Overall activity status: Bucks in the north are on a classic late-season pattern–they’re on the move later in the mornings and earlier in the afternoons, headed to food sources. The downsides to late-season buck hunting in this region are broken antlers and low body weight. It’s difficult to judge age, and it’s even possible for a buck you’ve targeted to lose his rack before you get him! If you’re hunting does, look close to make sure it’s not a buck that has shed his antlers.

Fighting: No reports of fights, but lots of posturing of bucks to each other. Bucks are fatigued at this time of the season and would rather save calories and energy by glaring at their neighbor insead of starting a brawl.

Rub making: Old sign at this point.

Scrape making: Shawn Hoover reported finding a fresh scrape in the snow in western Oklahoma on December 24.

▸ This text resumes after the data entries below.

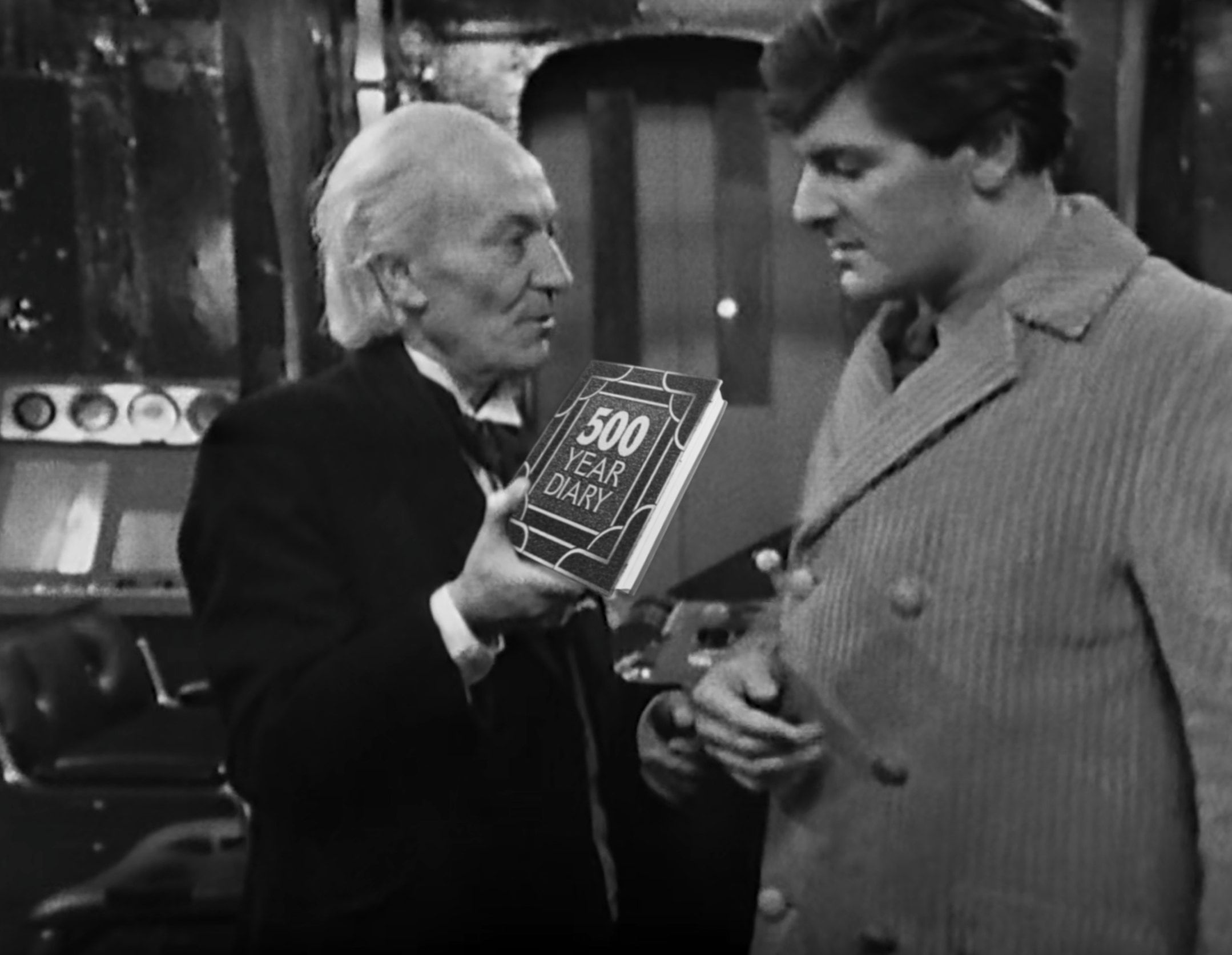In a screenshot from the newly-recovered episode 3 of The Daleks' Master Plan, The Doctor and Steven are standing on the flight deck of the Spar. The Doctor hands Steven an object, which might have originally been the taranium core of the Time Destructor, but which now seems to be his 500 Year Diary, with the podcast logo on the cover.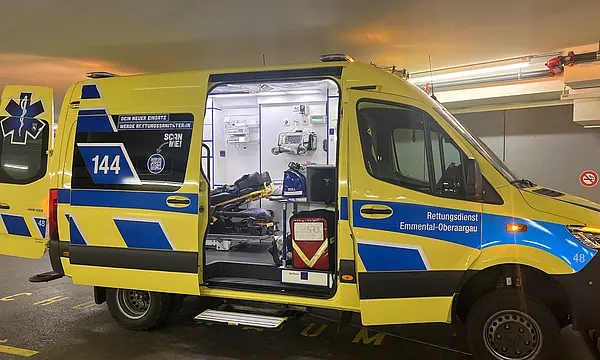 Ein Rettungswagen mit geöffneter Hintertür, ausgestattet mit medizinischer Ausrüstung und einer Trage.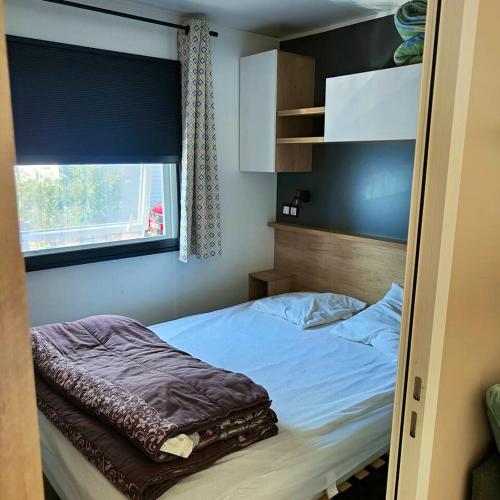 une petite chambre avec un lit et une fenêtre dans l'établissement Bungalow confortable à Vias avec piscine partagée, à Vias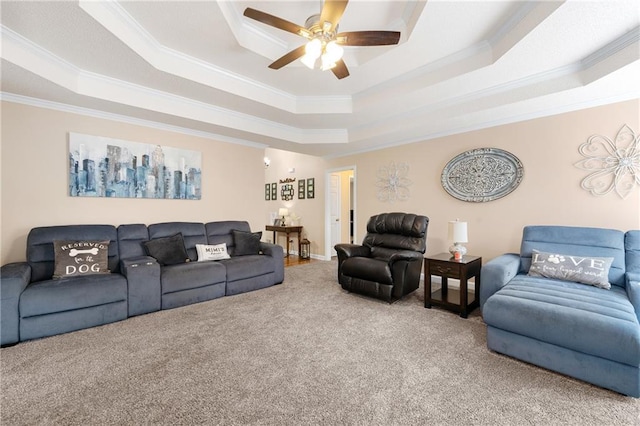 carpeted living area featuring ceiling fan, a tray ceiling, and ornamental molding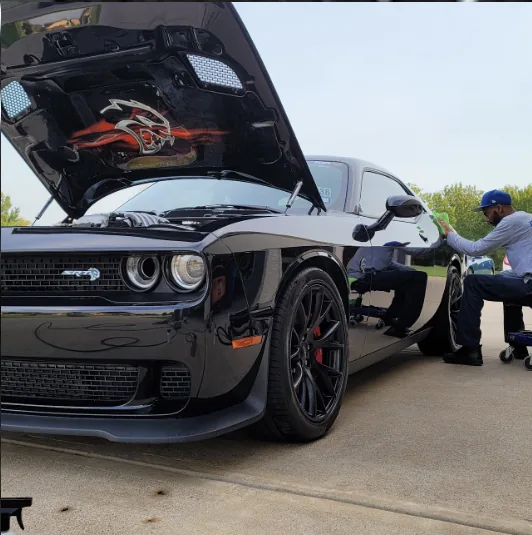 Detailing a black Dodge Challenger Hellcat with the hood up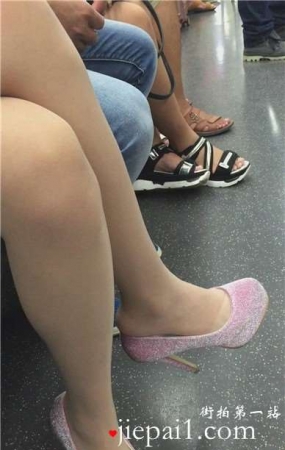 地铁上低头玩手机的女孩，一双高跟很抢眼。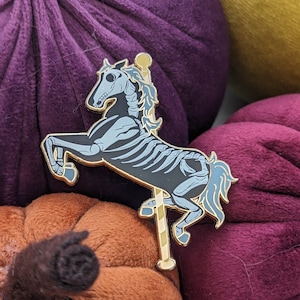 Skelton Carousel Horse Hard Enamel Pin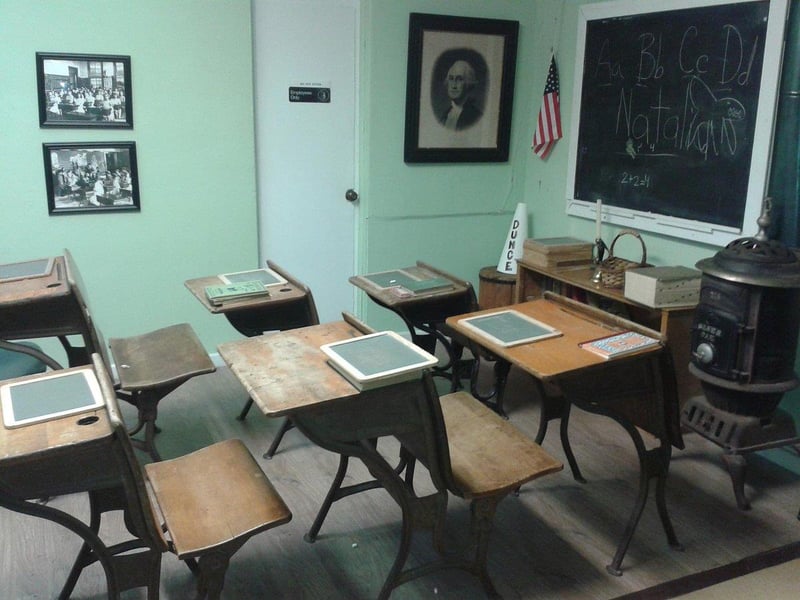 Historic classroom exhibit with wooden desks and chalkboard at Heritage Museum of Northwest Florida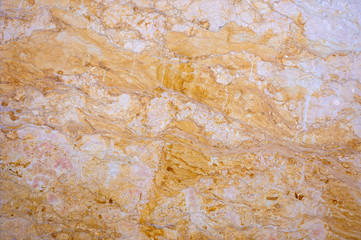 very beautiful texture of natural red marble with lots of inclusions of different colors. Abstract pattern.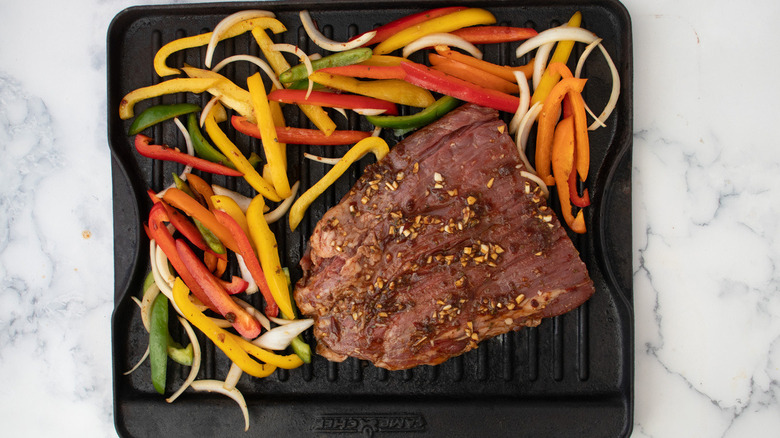 steak and vegetables on pan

Chasing: According to Robert Sanders in South Texas at the Temple Ranch, “Still chasing but slowing down a bit. Bucks dropped a good 20 pounds so far and not consuming much feed.”

Daytime movement: Last week I saw six different bucks on my afternoon hunt. Two of those have been reclusive for the past month, but now that the need to feed has hit, they are more visible in daylight.

Estrous sign: In the north, I’ve seen does in groups of three to six. There’s no sign of a second rut in my neck of the woods.

X factor: I found something unexpected on December 25–a fresh shed antler laying by my stand! Typically, white-tailed bucks in my area shed from January to March, so this is early. Early shedding usually indicates the animal is under stress. It’s likely due to stress from cold weather, lack of food, or overexertion during the rut.